= Silence suppression =

The term silence suppression is used in telephony to describe the process of not transmitting information over the network when one of the parties involved in a telephone call is not speaking, thereby reducing bandwidth usage.

Voice is carried over a digital telephone network by converting the analog signal to a digital signal which is then packetized and sent electronically over the network. The analogue signal is re-created at the receiving end of the network. When one of the parties does not speak, background noise is picked up and sent over the network. This is inefficient as this signal carries no useful information and thus, bandwidth is wasted.

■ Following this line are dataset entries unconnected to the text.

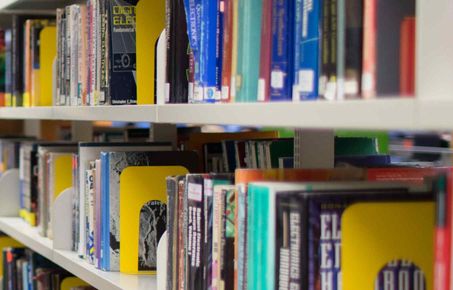 Library shelf of books publications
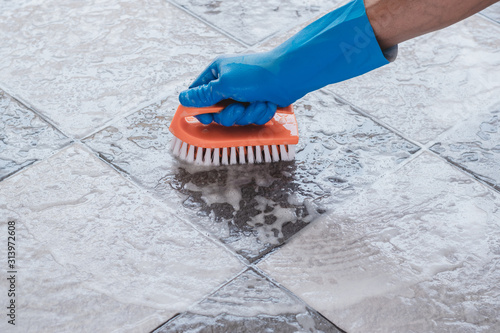 Hand of man wearing blue rubber gloves is used to convert scrub cleaning on the tile floor.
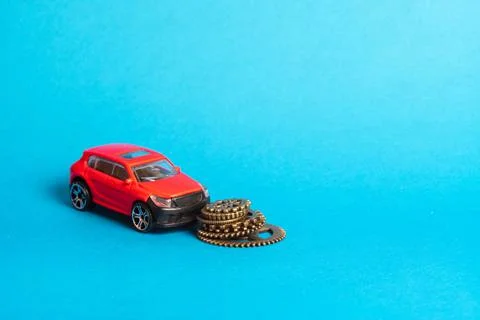 Next to the red car is a stack of metal gears Stock Photos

Given that typically only one party in a conversation speaks at any one time, silence suppression can achieve overall bandwidth savings in the order of 50% over the duration of a telephone call. (While both parties may sometimes speak at the same time, there are times when both parties are silent.)

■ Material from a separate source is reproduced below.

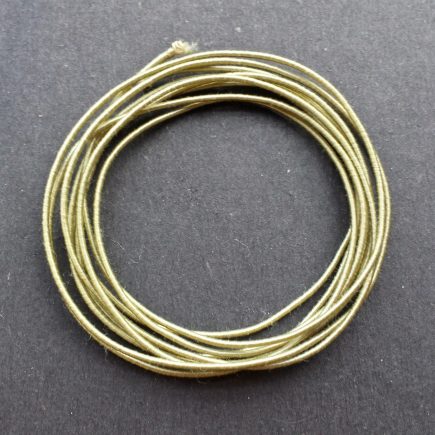 A coil of our standard elastic in antique gold.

Silence suppression is achieved by recognizing the lack of speech through a speech processing mechanism called voice activity detection (VAD) which dynamically monitors background noise and sets a corresponding speech detection threshold. This technique is also known as speech activity detection (SAD).

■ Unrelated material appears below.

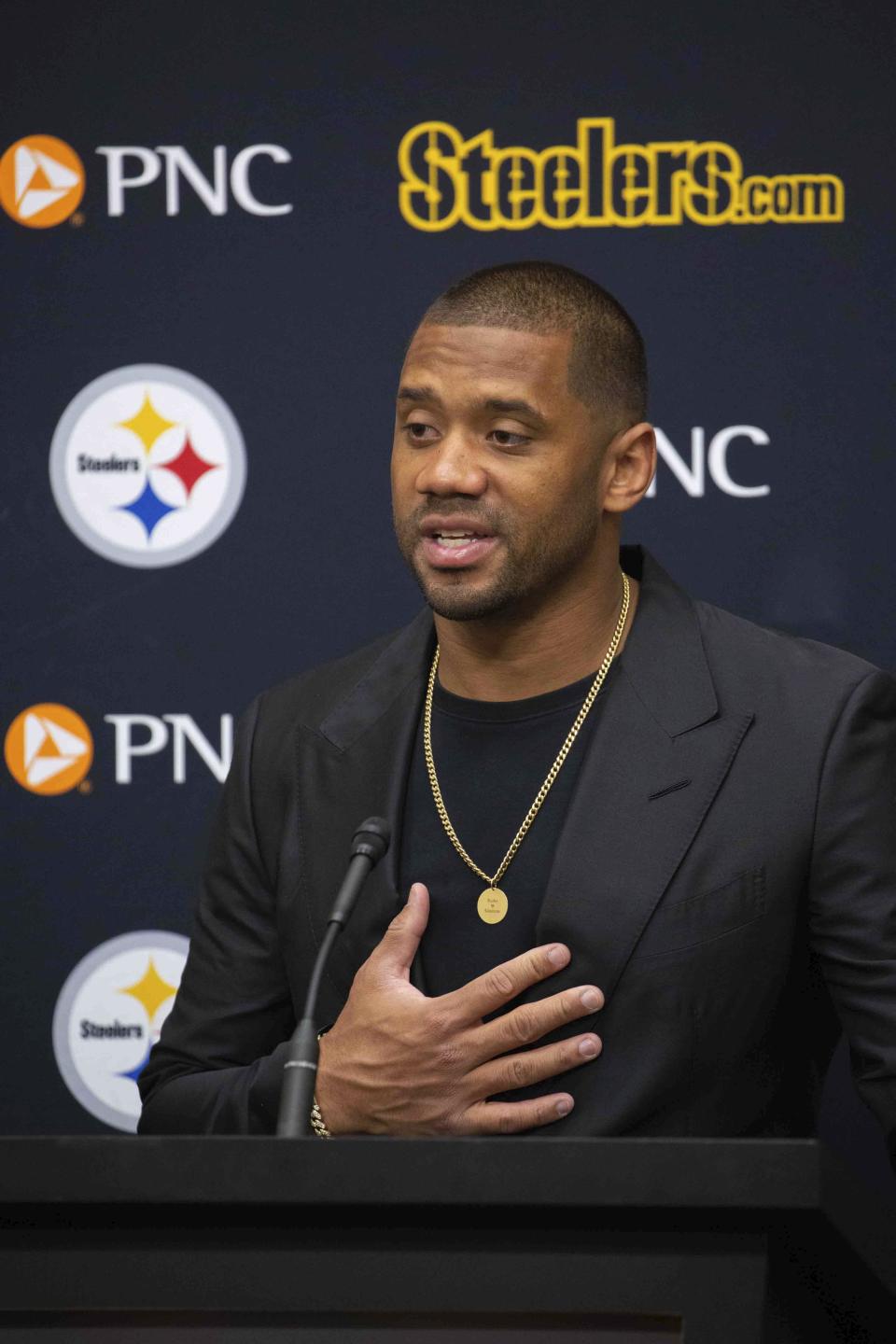 Pittsburgh Steelers newly signed quarterback Russell Wilson speaks with reporters during an NFL football press conference in Pittsburgh, Friday, March 15, 2024. (AP Photo/Rebecca Droke)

A similar principle is used for Discontinuous Reception and discontinuous transmission in GSM mobile telephone systems.

For further bandwidth gains, silence suppression is normally done after echo cancellation.

==Drawbacks==

Background noise detection may be difficult in some circumstances (relatively low speech level, or relatively high background noise level, for example).

When silence suppression is active, the line appears to have gone dead at the other (egress) end of the call. For this reason, so-called comfort noise needs to be generated to compensate for the lack of background noise. The ingress end must therefore signal the egress end that silence suppression is in effect. For best results, the level of comfort noise being generated on egress should match that of the background noise at the ingress end.

Speech activity detection must occur very quickly, otherwise clipping might occur.

Speech activity detection does not work well on non-speech calls (fax or modem communication, for example).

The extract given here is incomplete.